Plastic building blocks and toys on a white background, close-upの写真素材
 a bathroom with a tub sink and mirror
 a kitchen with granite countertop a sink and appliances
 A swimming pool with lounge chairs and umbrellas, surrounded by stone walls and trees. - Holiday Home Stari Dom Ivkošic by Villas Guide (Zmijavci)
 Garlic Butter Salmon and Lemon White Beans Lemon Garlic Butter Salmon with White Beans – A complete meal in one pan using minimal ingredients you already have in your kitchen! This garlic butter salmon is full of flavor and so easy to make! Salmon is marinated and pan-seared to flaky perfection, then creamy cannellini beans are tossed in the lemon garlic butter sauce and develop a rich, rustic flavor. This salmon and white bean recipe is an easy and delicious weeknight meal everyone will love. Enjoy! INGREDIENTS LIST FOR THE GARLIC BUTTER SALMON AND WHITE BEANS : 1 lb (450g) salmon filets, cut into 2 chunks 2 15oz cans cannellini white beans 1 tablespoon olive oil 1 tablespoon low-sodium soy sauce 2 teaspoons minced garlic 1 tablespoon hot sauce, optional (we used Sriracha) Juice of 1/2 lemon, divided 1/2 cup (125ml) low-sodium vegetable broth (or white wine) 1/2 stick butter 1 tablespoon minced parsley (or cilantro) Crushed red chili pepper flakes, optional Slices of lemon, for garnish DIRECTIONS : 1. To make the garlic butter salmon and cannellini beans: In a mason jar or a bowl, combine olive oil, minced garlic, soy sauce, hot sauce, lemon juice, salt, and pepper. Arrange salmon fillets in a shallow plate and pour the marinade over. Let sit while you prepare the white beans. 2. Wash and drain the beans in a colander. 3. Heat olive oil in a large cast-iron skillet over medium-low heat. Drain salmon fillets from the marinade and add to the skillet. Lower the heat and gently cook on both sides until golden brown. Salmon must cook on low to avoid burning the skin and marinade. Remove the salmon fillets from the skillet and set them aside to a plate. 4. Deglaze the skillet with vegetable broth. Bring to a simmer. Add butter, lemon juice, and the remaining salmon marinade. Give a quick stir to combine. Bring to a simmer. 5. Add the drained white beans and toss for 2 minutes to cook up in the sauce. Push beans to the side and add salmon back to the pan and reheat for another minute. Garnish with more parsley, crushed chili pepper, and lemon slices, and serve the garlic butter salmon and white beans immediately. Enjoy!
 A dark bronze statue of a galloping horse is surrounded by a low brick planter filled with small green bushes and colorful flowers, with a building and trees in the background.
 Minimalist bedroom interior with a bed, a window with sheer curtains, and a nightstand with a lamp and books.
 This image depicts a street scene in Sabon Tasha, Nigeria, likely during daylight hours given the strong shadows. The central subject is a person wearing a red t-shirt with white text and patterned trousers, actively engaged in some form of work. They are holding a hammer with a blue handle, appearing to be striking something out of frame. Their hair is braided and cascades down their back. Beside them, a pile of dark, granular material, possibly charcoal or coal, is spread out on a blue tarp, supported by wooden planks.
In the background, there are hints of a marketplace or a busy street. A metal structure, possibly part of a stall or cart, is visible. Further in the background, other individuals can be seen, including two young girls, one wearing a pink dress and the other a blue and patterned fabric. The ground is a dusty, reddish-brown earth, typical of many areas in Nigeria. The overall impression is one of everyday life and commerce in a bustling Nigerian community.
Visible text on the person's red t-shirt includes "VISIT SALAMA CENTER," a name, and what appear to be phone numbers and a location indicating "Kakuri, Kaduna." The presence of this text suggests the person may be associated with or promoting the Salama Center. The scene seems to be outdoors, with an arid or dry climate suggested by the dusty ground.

ABOUT THIS TASK:
Start with the line above that contains "This image depicts" and end with the line that contains "In the background, there". Write out those lines exactly, and only those.

TASK RESPONSE:
 This image depicts a street scene in Sabon Tasha, Nigeria, likely during daylight hours given the strong shadows. The central subject is a person wearing a red t-shirt with white text and patterned trousers, actively engaged in some form of work. They are holding a hammer with a blue handle, appearing to be striking something out of frame. Their hair is braided and cascades down their back. Beside them, a pile of dark, granular material, possibly charcoal or coal, is spread out on a blue tarp, supported by wooden planks.
In the background, there are hints of a marketplace or a busy street. A metal structure, possibly part of a stall or cart, is visible. Further in the background, other individuals can be seen, including two young girls, one wearing a pink dress and the other a blue and patterned fabric. The ground is a dusty, reddish-brown earth, typical of many areas in Nigeria. The overall impression is one of everyday life and commerce in a bustling Nigerian community.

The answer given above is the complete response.